The worst of the impact on the French economy of the yellow-vest protests, which rocked city centers across France last winter, is yet to come, a report said, predicting a wave of bankruptcies among small businesses in the second half of the year.
The initial impact of the yellow-vest protests, which started in November as a revolt over high prices at the pumps and morphed into a broader challenge to President Emmanuel Macron’s policies, was limited.
“MOST SERIOUS CONSEQUENCES ARE YET TO COME”
The national statistics office estimated it at 0.1 percentage points of national output or 2 billion euros ($2.28 billion) in the final quarter of last year.
But lawmakers from the opposition-controlled Senate said in a report published this week that the accumulated loss in turnover, which reached 30 percent in city centers on average over six months, will start taking its toll in the coming months.

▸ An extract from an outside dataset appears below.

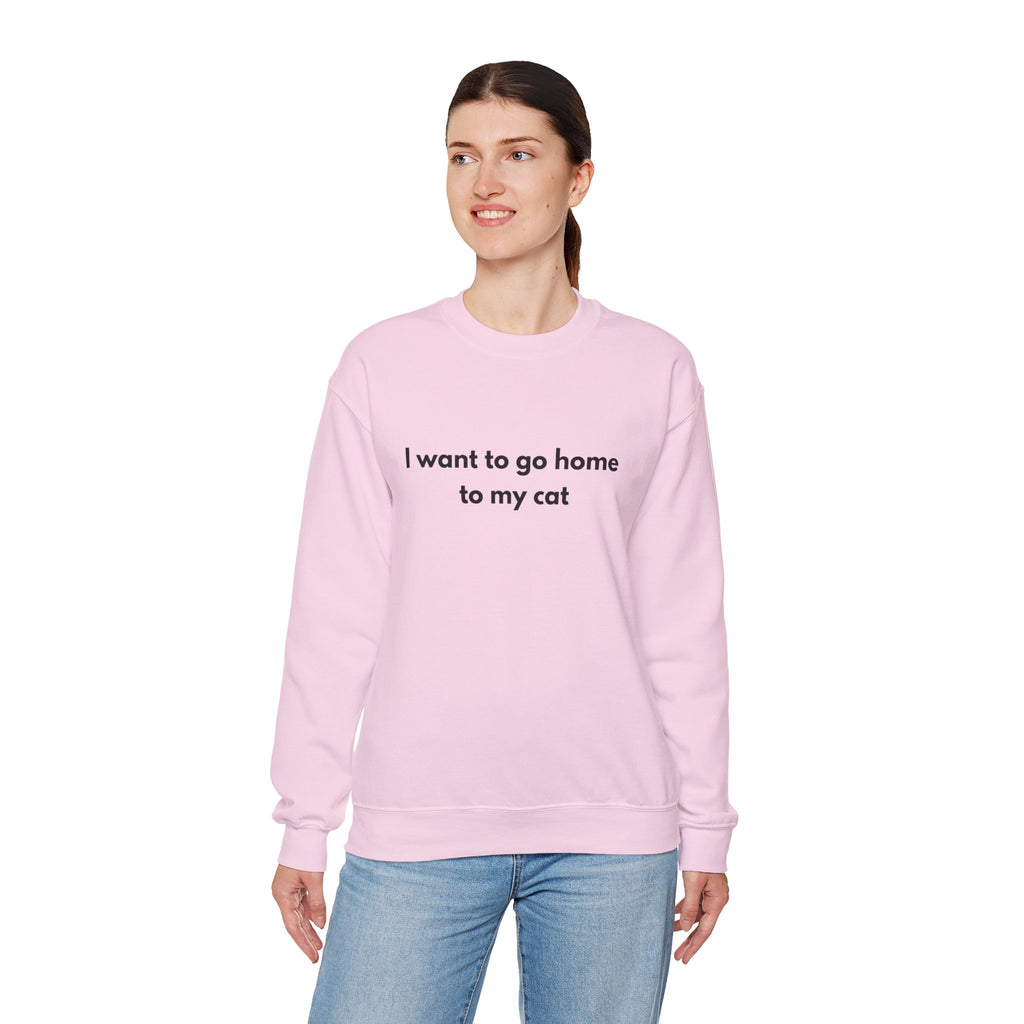 Go home to my cat - Crewneck Sweatshirt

“Although the movement is losing steam, our hearings have revealed that the most serious and insidious consequences are yet to come,” lawmakers wrote in the report, citing feedback from local commercial courts.
“It’s in the second half that a wave of debt defaults should happen, as well as a critical increase in the number of businesses going into administration or even bankruptcies,” the report added.
Though the protests have gradually eased since December, the report says business is not coming back strong enough to make up for the losses as consumers changed their habits, avoiding weekend shopping for example.